The next cell takes 100 steps of gradient descent, where at each step, we take a tiny step down the gradient to update the parameters.
[4]:
ran_key, loss_key = jran.split(ran_key, 2)
loss_data = XHIST_TARGET, XBINS, loss_key
learn_rate = 0.0005
nsteps = 100
loss_collector = []
p_best = PARAMS_INIT._replace()
for istep in range(nsteps):
loss, grads = sg.hard_edged_xhist_loss_and_grad(
p_best, loss_data)
p_best = sg.param_update(
p_best, grads, learn_rate)
loss_collector.append(loss)
Inspect the results¶
We’ll now inspect the results by plotting the loss curve, and comparing the best-fit histogram to the target.
[5]:
fig, ax = plt.subplots(1, 1)
xlabel = ax.set_xlabel('step')
ylabel = ax.set_ylabel('log10 loss')
__=ax.plot(np.log10(loss_collector))
ran_key, pred_key = jran.split(ran_key, 2)
xhist_best = sg.mc_predict_hard_edged_xhist(
p_best, XBINS, pred_key)
fig, ax = plt.subplots(1, 1)
__=ax.plot(XBINS[1:], XHIST_TARGET,
label='target')
__=ax.plot(XBINS[1:], XHIST_INIT, '--',
label='initial guess')
__=ax.plot(XBINS[1:], xhist_best, ':',
label='best fit MC method')
leg = ax.legend()
That didn’t work at all - what happened?¶
It looks like our best-fit histogram didn’t move from the initial histogram. Let’s see how the best-fit points compare to the target and initial points:
[6]:
gen = zip(p_best._fields, p_best, PARAMS_INIT, PARAMS_TARGET)
for key, val_best, val_init, val_target in gen:
print(f"Init {key} = {val_init:.2f}")
print(f"Best {key} = {val_best:.2f}")
print(f"True {key} = {val_target:.2f}\n")
Init mu = -1.00
Best mu = -1.00
True mu = -2.00
Init sig = 1.00
Best sig = 1.00
True sig = 2.00
Hmmm, the parameters didn’t move at all…¶
Let’s inspect the gradient
[7]:
loss_best_mc, grads = sg.hard_edged_xhist_loss_and_grad(
p_best, loss_data)
print(grads)
GParams(mu=Array(0., dtype=float64), sig=Array(0., dtype=float64))
All the parameters have zero gradients!¶
That’s why the parameter did not move from its initial position during our gradient descent. The problem comes from trying to differentiate through a histogram with hard-edged bins.

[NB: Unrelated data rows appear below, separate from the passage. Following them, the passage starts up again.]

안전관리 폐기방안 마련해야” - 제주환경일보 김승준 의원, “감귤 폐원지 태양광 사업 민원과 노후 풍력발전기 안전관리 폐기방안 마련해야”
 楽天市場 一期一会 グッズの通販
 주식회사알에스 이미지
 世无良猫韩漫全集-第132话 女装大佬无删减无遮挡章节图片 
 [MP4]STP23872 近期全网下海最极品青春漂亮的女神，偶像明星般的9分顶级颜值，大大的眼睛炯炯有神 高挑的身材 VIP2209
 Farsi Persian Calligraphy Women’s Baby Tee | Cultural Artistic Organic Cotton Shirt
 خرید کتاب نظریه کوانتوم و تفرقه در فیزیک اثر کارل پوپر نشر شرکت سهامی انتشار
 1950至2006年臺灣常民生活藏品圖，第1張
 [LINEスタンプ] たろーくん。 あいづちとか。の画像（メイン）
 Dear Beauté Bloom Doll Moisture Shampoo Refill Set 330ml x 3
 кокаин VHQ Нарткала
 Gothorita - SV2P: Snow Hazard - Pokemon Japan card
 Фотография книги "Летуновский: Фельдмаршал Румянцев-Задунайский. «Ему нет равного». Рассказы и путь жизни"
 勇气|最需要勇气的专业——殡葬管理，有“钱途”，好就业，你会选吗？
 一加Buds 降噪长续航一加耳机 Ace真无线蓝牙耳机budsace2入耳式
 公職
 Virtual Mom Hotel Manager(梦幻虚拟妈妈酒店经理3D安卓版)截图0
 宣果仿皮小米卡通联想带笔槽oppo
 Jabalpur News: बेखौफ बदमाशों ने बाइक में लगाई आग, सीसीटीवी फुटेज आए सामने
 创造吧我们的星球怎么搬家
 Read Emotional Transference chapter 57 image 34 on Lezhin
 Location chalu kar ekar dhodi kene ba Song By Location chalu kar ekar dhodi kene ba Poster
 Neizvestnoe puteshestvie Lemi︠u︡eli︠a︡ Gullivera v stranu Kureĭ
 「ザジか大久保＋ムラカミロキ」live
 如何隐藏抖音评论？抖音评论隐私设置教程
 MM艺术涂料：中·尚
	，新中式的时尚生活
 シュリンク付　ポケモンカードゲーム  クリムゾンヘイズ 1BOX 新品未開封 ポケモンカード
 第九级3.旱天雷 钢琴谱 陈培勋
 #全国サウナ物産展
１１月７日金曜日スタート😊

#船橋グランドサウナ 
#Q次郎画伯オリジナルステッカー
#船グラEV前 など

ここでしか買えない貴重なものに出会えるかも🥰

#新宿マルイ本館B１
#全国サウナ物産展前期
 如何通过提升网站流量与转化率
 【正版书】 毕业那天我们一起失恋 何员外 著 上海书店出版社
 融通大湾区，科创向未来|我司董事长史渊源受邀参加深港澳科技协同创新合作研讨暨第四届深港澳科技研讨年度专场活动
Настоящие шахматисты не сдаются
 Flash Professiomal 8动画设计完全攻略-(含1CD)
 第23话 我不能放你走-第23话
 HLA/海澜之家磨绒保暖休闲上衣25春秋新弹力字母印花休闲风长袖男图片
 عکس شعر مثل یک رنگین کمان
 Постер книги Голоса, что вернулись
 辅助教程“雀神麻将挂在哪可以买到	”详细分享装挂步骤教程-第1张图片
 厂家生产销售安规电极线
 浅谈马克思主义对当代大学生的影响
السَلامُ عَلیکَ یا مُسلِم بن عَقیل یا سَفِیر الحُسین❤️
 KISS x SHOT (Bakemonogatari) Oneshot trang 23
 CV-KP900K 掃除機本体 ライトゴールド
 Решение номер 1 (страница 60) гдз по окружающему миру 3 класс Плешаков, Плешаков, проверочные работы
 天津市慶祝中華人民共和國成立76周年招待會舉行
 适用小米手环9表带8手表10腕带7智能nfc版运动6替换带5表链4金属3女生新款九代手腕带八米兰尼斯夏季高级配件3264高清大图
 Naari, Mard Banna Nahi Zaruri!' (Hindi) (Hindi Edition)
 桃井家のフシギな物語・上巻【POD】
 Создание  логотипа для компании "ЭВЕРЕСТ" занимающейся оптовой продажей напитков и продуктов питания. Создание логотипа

Why don’t hard-edged histograms work with autodiff?¶
Let’s think about how autodiff works with hard-edged histograms to understand what happened. The way a standard histogram calculation works is that for each bin \(i\), we loop over each point \(x_{\rm j}\) in our dataset, and if the point falls within the boundaries of bin \(i\), we increment our histogram by 1, otherwise we increment by 0. Now consider how the dataset changes with an infinitesimal change to the position of each point, \({\rm d}x\). If \(x_{\rm j}\) is within the bin boundaries, then the perturbed position \(x_{\rm j}+{\rm d}x\) also within the bin boundaries, because the point and the boundary are some finite distance away, and we have only perturbed our point by an infinitesimal amount. The same goes for points outside the bin. The only points with non-zero gradients will be those points that just so happen to fall exactly on the boundary of some bin, a set of measure zero. Thus it makes sense that we get zero-valued gradients for predictions made with hard-edged histograms.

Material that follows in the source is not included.